A rhombus is a quadrilateral with all four sides of equal length. In this case, we have a rhombus QPQR, where Q, P, and R are vertices lying on the circle with center O.
The diagonal of a rhombus divides it into two congruent right-angled triangles.
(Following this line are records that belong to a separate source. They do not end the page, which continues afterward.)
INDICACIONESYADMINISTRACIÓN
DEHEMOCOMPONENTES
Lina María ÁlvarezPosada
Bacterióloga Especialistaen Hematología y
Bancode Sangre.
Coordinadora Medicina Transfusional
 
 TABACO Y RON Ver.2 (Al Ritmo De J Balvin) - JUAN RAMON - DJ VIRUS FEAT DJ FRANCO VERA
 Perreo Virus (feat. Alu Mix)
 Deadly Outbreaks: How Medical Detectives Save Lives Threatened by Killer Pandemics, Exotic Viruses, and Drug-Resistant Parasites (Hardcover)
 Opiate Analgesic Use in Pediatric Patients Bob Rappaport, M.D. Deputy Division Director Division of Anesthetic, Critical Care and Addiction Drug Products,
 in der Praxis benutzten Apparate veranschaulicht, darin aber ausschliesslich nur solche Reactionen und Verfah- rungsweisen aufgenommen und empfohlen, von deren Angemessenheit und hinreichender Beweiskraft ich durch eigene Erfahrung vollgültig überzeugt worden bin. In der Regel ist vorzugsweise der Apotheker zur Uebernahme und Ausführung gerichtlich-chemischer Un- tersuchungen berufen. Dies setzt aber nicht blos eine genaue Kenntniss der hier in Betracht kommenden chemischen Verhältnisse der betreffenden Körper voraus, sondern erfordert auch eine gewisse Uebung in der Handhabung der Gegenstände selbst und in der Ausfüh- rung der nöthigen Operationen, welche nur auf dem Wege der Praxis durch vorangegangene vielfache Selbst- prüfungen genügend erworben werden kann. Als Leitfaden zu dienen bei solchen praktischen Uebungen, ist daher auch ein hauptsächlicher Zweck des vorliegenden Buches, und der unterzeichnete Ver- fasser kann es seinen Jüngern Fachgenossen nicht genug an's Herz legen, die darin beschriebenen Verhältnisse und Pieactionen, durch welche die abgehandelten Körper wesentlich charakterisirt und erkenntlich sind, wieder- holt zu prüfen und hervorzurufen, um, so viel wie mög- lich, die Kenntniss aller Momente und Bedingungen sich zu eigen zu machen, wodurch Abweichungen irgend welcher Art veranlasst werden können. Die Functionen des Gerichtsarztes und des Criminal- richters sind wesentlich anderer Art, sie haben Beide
Let's consider one of these triangles, say QOP.
The area of a triangle can be found using the formula:
Area = (base * height) / 2
In triangle QOP, the base is equal to the length of side QP, and the height is equal to the radius of the circle (OQ). So, the area of triangle QOP can be written as:
Area(QOP) = (QP * OQ) / 2
Since the diagonals of a rhombus are perpendicular and they bisect each other, we know that QP is twice the length of OQ. Therefore, QP = 2 * OQ.
Substituting this value into the area formula for triangle QOP, we get:
Area(QOP) = (2 * OQ * OQ) / 2
Area(QOP) = OQ^2
Since triangle QOP is a right-angled triangle, we can use the Pythagorean theorem to relate the sides. We know that QP = 2 * OQ, so we have:
QP^2 = OQ^2 + OQ^2
QP^2 = 2 * OQ^2
Now we can calculate the area of the rhombus using the given value of 32√3:
Area(rhombus) = QP * OQ
32√3 = 2 * OQ * 2 * OQ
32√3 = 4 * OQ^2
8√3 = OQ^2
Taking the square root of both sides, we get:
OQ = √(8√3)
OQ = √(8) * √(√3)
OQ = 2√2 * √(√3)
Therefore, the radius of the circle, OQ, is equal to 2√2 * √(√3).